Nein, nicht die allseits bekannte Eiskönigin Elsa lässt die Bühne der fast ausverkauften Stadthalle 1 am Sonntagnachmittag gefrieren. Die Schneekönigin, das Original aus der Feder des dänischen Märchenschreibers Hans Christian Andersen, lässt die Menschen um sich herum bibbern, ja sogar zu Eisblöcken erstarren.
Nur der freundschaftlichen Liebe, die Gerda antreibt und den Mut in ihr wachsen lässt, um ihren vermissten Freund Kay zu suchen und zu befreien, ist es zu verdanken, dass sich am Ende auch die Schneekönigin von ihrer warmen Seite zeigt.
Mit dem Lied „Überall ist Schnee“ heißen die Darsteller des Theaters Liberi ihr Publikum – meist Mädchen ab vier Jahren mit Eltern oder Großeltern – willkommen. Die Kombination aus dem spartanischen Bühnenbild, das spitzige Eisblöcke darstellt, und den wollig-molligen Schals und Mützen, welche die Künstler tragen, lässt das Publikum gedanklich in ein Winterwunderland abschweifen. Doch ein Schneesturm zieht auf. Gerdas Mutter holt eine leuchtende Kugel hervor, erzählt den Kindern von der sagenumwobenen Schneekönigin – und schwuppdiwupp verliert sich Kay in der eiskalten (Traum-)Welt, in der er König an der Seite der frostigen Regentin sein darf. Nur die Nähe zu ihr setzt auch dem Burschen zu, wie an seiner rechten Hand, die langsam, aber sicher gefriert, zu erkennen ist.

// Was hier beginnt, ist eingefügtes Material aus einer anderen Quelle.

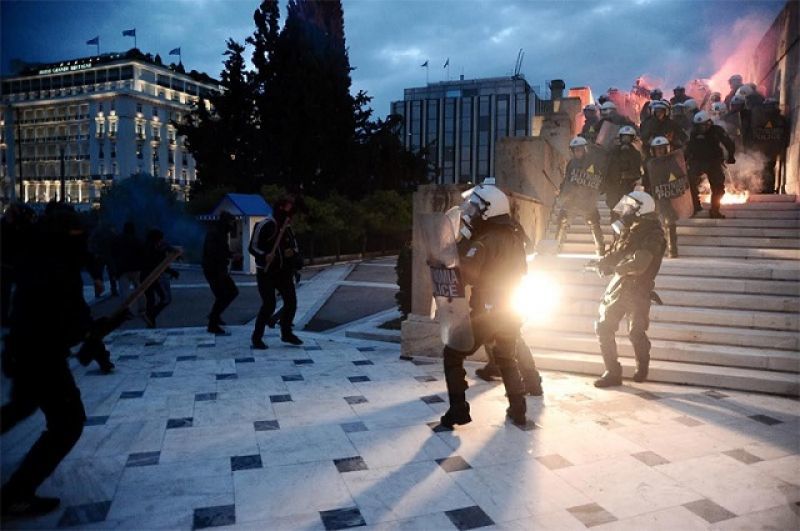 Εκτεταμένα επεισόδια έξω από τη Βουλή (εικόνες - βίντεο)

Gerda und die Kuschelhäsin auf dem Weg zur Schneekönigin
Gerda ist der Meinung, die Schneekönigin habe ihren Freund Kay entführt. Sie macht sich auf die Reise. Ihre schüchterne Art ähnelt an Alice im Wunderland; die kuriosen Figuren, denen sie in der rund zweistündigen Aufführung begegnet, ebenso. Mit der zum Leben erwachten Kuschelhäsin Mila, die frech nach vorne geht und Gerda bis zum Reich der Schneekönigin den Weg aufzeigt, hat sie eine treue Begleiterin. Mila ist es auch, die das Publikum auflachen lässt, als sie versucht, die Gefahr zu wittern. Dafür bohrt das Häschen im Näschen, riecht an einem Popel und verspeist diesen – mit der Schlussfolgerung, dass Kay noch zu weit weg sei, um die Witterung aufzunehmen.

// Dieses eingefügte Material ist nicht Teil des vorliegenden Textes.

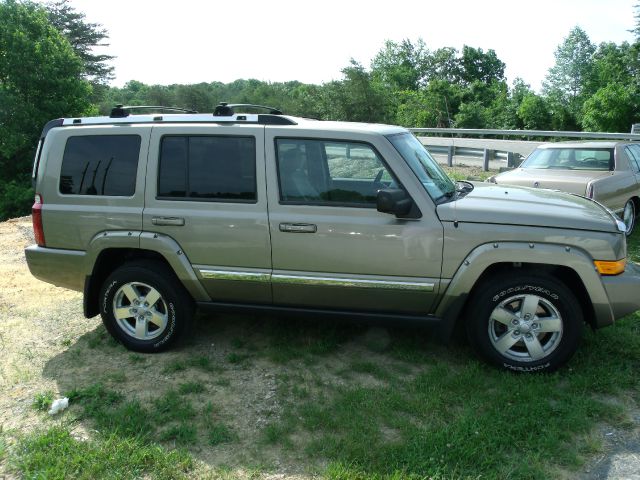 2006 Jeep Commander Super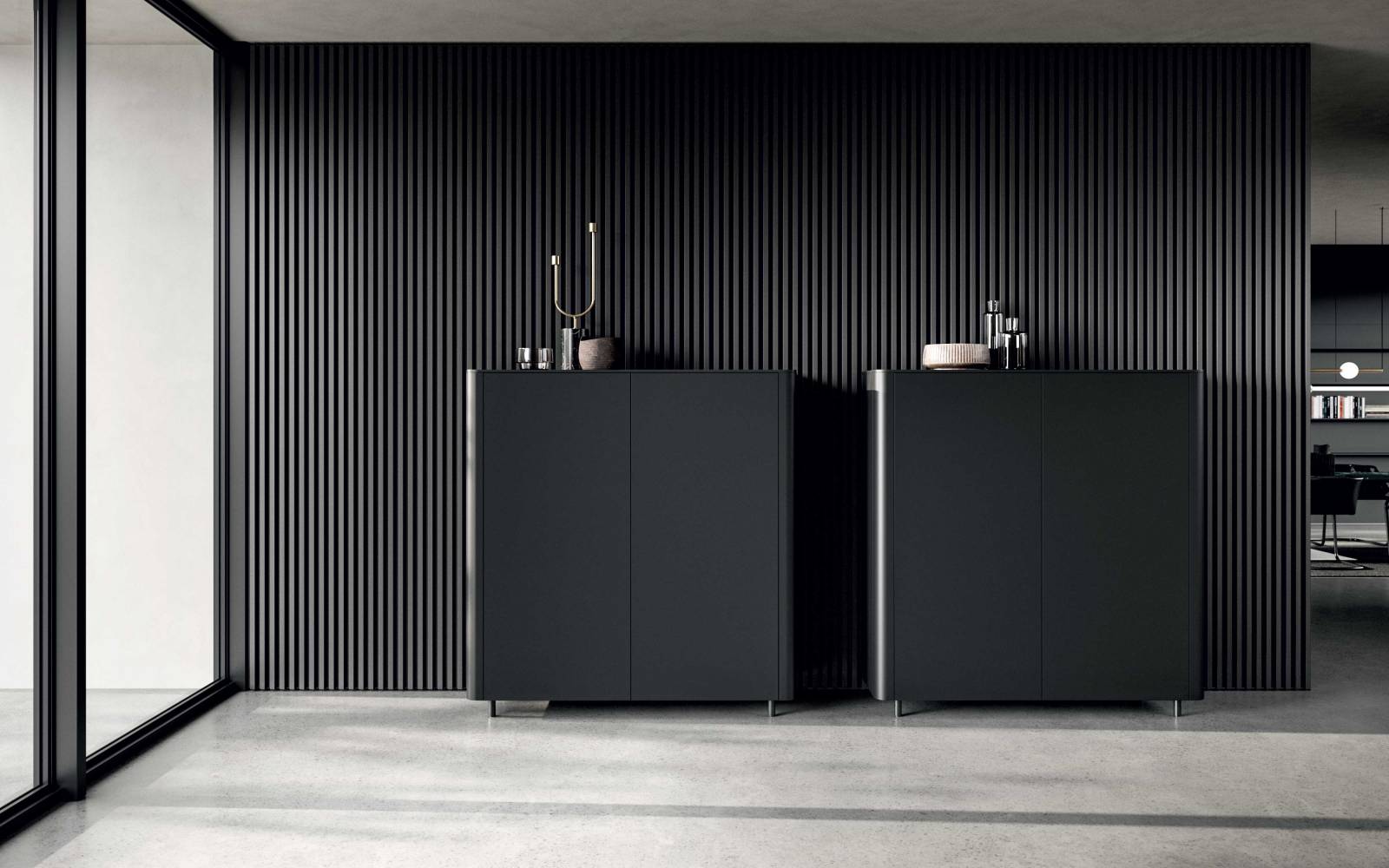 Les angles coudés arrondissent les bords  des meubles bas et du plan de la cuisine,  des demi-colonnes ou des colonnes,  donnant du dynamisme et un aspect  presque sculptural aux espaces de vie.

Immer wieder erweitern Lichter und Schatten das Bühnenbild, Rauch zieht über die ersten Reihen im Saal hinweg. Die Spezialeffekte unterstreichen die Geschichte, die teils gesungen, teils erzählt wird. Die ausgeglichene Abwechslung ermöglicht es auch Kindergartenkindern, der Story im Allgemeinen folgen zu können. Dazwischen sorgen ulkige Gestalten, die in eine Klobürste singen oder eine bunt gekleidete Frau, die mehrmals dem Sekundenschlaf verfällt, für erheiternde Momente. Am gruseligsten wirken anfangs noch die grünhaarigen Schlawuzis, die wiederum an an einen Umpa-Lumpa aus Charlies Schokoladenfabrik erinnern. Deren Anführer Joe könnte für einen Angstmoment sorgen – doch dessen Piepsstimme belustigt auch die jüngsten Besucherinnen.

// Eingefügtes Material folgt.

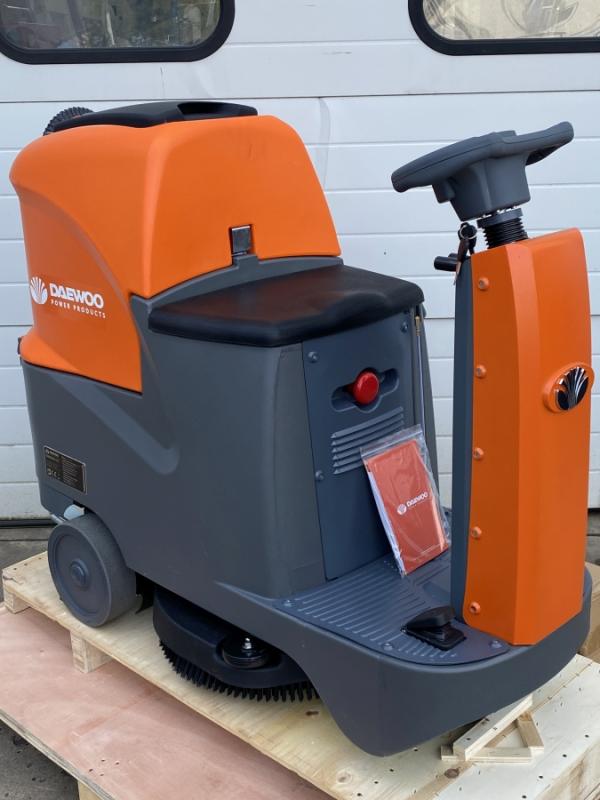 Neue akkubetriebene Aufsitz-Scheuersaugmaschine, Scheuersaugmaschine, Bodenreinigungsmaschine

Schneekönigin in zwiespältigem Licht
Der zweite Teil gestaltet sich tiefsinniger: Die Schneekönigin erscheint in einem zwiespältigen Licht. Denn sie ist nicht von Grund auf böse, sondern in der Vergangenheit ausgegrenzt worden – und schottet sich seitdem in ihrem Eispalast von den Menschen ab. Sie ringt mit sich selbst, schließlich hat sie Kay liebgewonnen, möchte ihn aber nicht ungewollt zu einem Eisklumpen verwandeln. Sie lebt in vermeintlicher Freiheit – in Wahrheit aber allein hinter Gittern aus Eis.
Dem Theater Liberi gelingt es unter der Regie von Carolin Pommert und der Gesamtleitung von Lars Arend, das vergleichsweise komplizierte Märchen „Die Schneekönigin“ in ein farbenfrohes Musical zu packen – und es damit der breiten Masse zugänglich zu machen. Das Team tourt aktuell mit dem Stück durch ganz Deutschland und Österreich. Auf der Homepage www.theater-liberi.de/musicals/schneekoenigin finden sich weitere Termine.